* _YOUR TASK_: Take the lines below between the one holding "Rasaerba a batteria" and the one holding "Silikon - Siyah", inclusive, and copy them exactly. Add nothing.

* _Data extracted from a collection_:
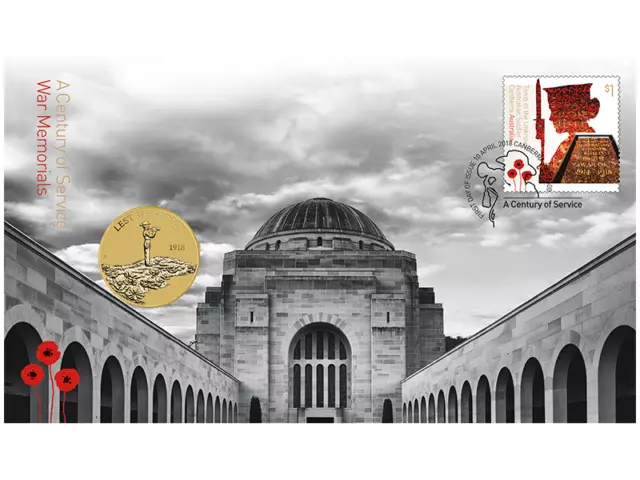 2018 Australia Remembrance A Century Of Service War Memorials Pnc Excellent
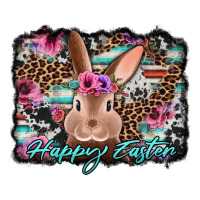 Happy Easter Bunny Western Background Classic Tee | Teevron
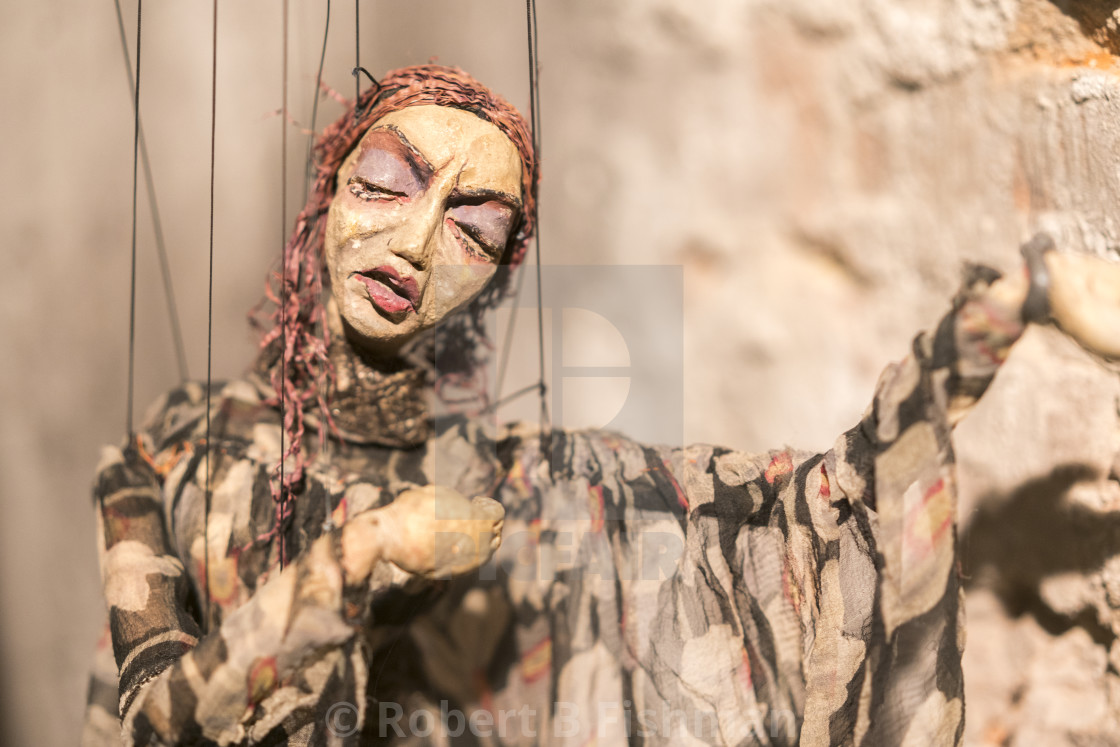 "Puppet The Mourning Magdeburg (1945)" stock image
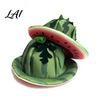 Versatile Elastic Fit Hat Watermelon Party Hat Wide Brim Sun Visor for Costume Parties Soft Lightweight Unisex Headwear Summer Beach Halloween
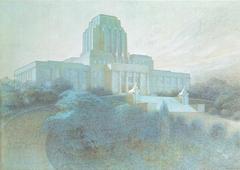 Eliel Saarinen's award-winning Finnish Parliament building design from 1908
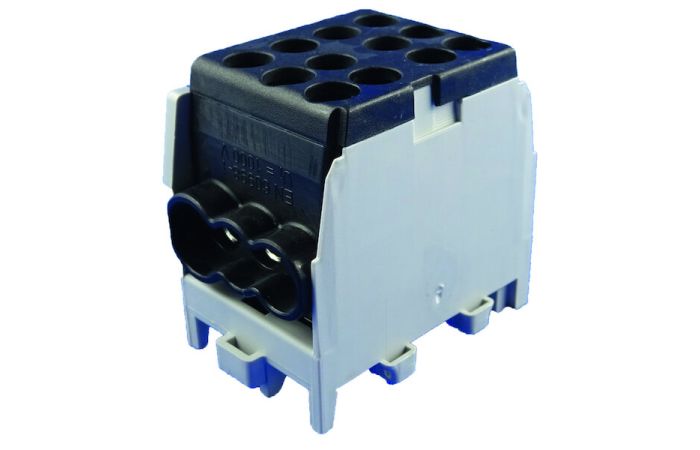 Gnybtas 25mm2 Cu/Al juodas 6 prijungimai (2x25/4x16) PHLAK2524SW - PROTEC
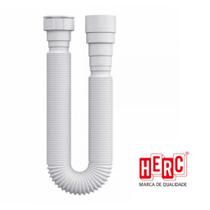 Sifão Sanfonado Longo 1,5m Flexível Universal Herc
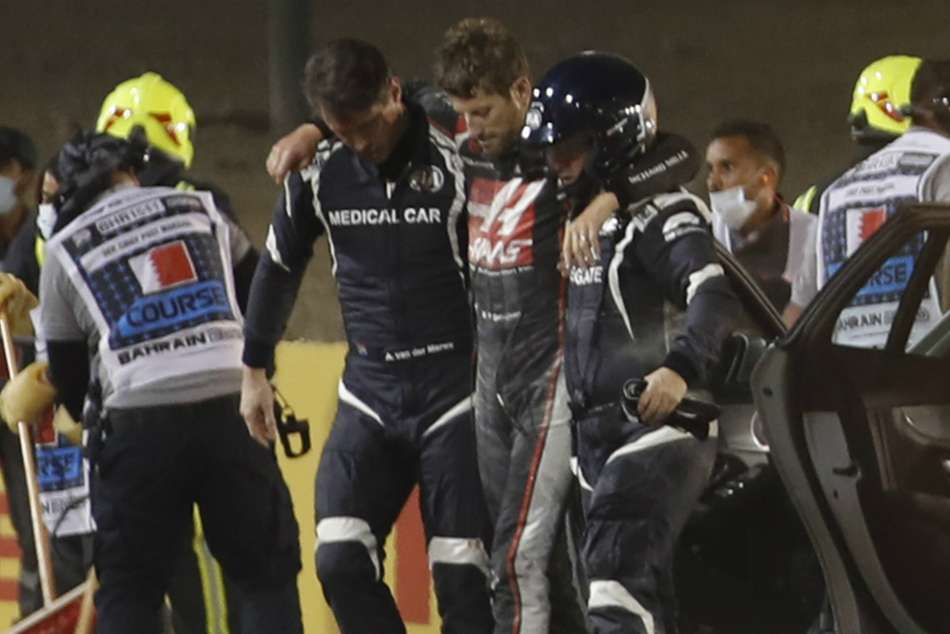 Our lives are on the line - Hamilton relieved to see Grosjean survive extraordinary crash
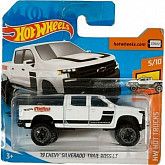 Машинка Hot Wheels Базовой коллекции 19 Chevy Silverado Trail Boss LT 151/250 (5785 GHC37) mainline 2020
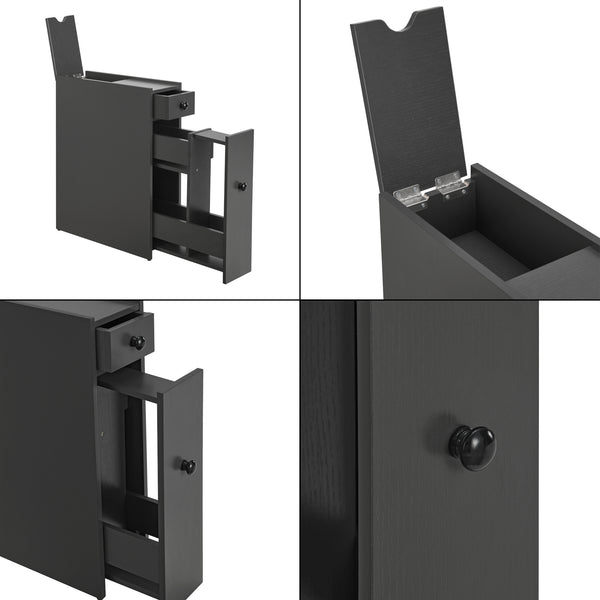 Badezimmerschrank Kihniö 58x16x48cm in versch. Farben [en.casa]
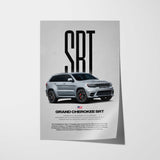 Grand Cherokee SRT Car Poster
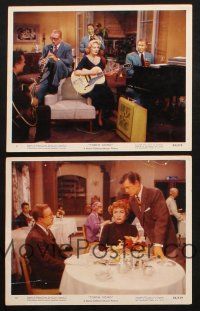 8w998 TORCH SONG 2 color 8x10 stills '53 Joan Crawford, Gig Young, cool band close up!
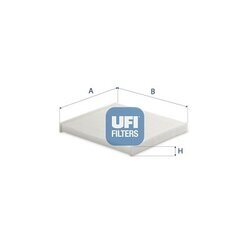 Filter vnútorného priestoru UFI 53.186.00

---

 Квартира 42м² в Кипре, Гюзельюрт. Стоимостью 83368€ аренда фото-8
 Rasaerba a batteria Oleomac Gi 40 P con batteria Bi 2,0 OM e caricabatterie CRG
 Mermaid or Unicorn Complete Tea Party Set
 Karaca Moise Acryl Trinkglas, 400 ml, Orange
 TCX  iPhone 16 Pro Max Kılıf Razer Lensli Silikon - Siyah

* _ANSWER BOX_:
 Rasaerba a batteria Oleomac Gi 40 P con batteria Bi 2,0 OM e caricabatterie CRG
 Mermaid or Unicorn Complete Tea Party Set
 Karaca Moise Acryl Trinkglas, 400 ml, Orange
 TCX  iPhone 16 Pro Max Kılıf Razer Lensli Silikon - Siyah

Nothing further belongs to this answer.